Task to complete: Please, could you print all the lines below exactly, leaving out the pictures?

(Pictures with short captions)
>>

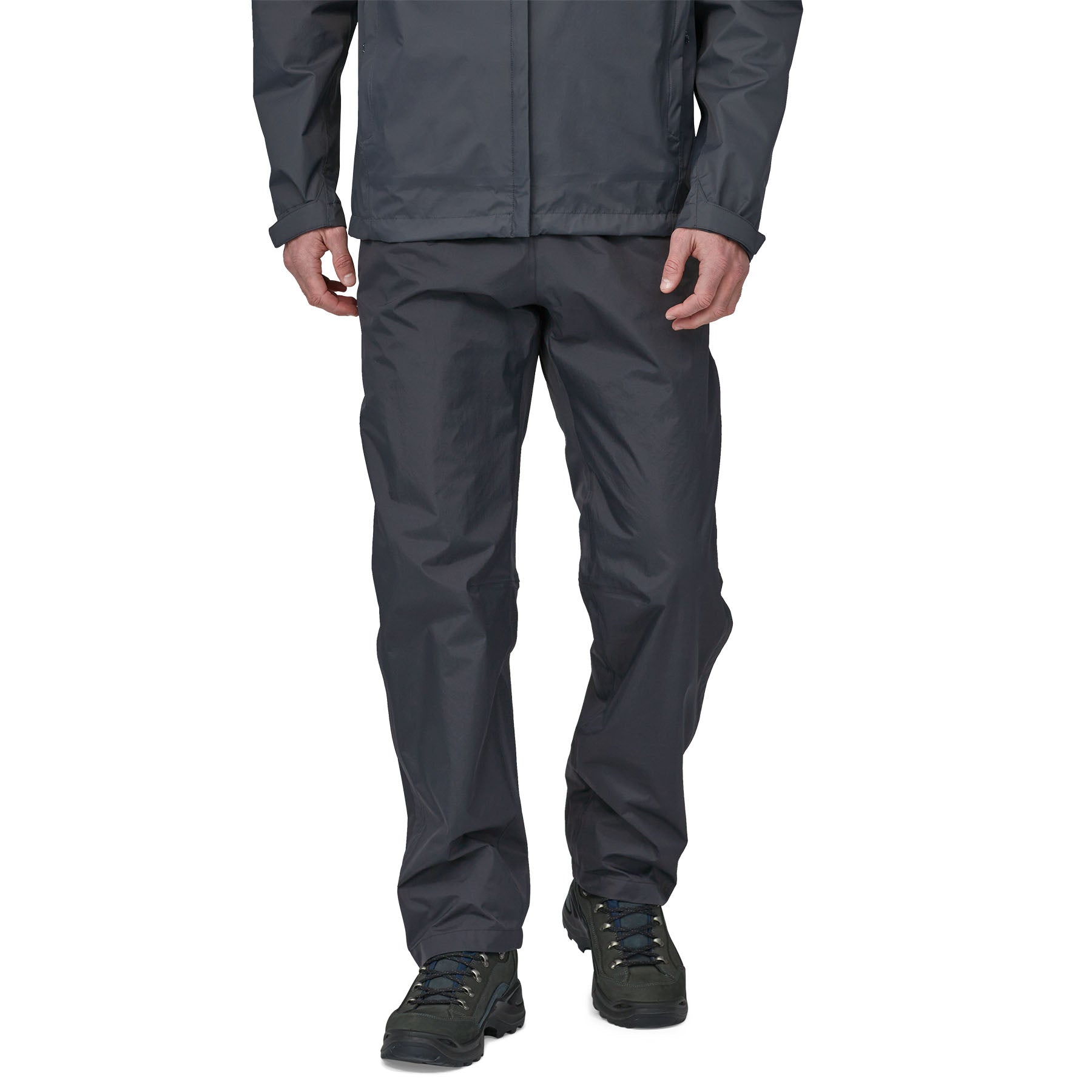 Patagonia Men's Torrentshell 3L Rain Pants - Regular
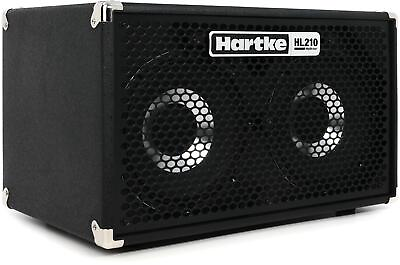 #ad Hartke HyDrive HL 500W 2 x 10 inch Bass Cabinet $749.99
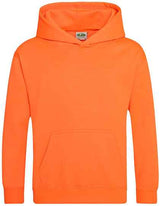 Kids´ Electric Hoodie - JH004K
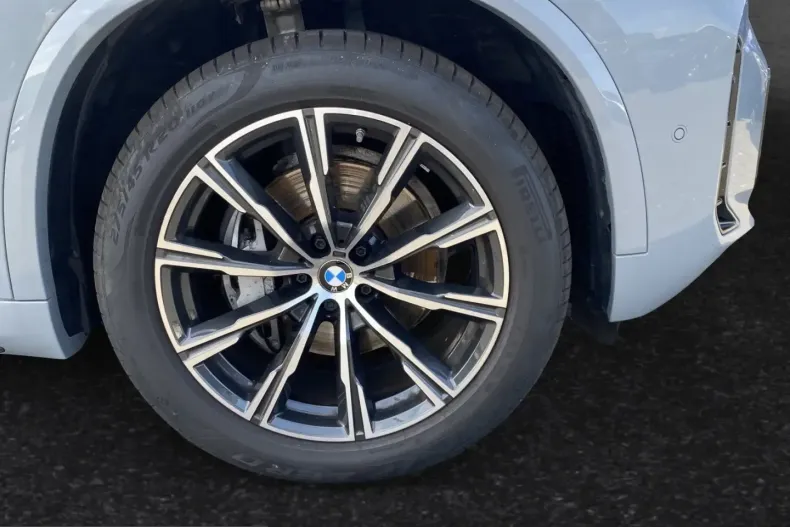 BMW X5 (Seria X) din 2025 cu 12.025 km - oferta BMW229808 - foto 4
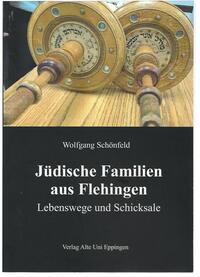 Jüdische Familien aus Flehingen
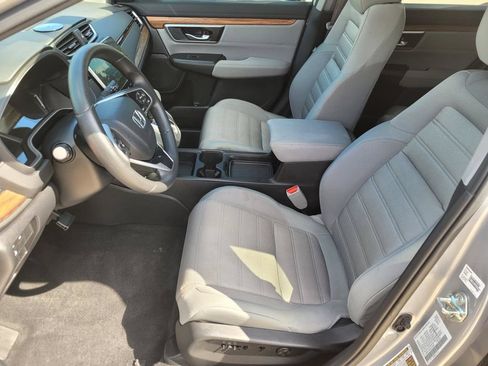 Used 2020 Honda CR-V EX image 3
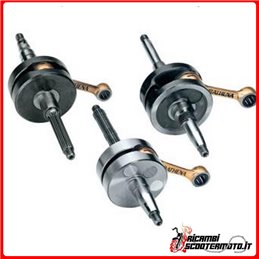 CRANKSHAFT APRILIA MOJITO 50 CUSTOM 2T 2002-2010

<<

Response:
 Patagonia Men's Torrentshell 3L Rain Pants - Regular
 #ad Hartke HyDrive HL 500W 2 x 10 inch Bass Cabinet $749.99
 Kids´ Electric Hoodie - JH004K
 BMW X5 (Seria X) din 2025 cu 12.025 km - oferta BMW229808 - foto 4
 Jüdische Familien aus Flehingen
 Used 2020 Honda CR-V EX image 3
 CRANKSHAFT APRILIA MOJITO 50 CUSTOM 2T 2002-2010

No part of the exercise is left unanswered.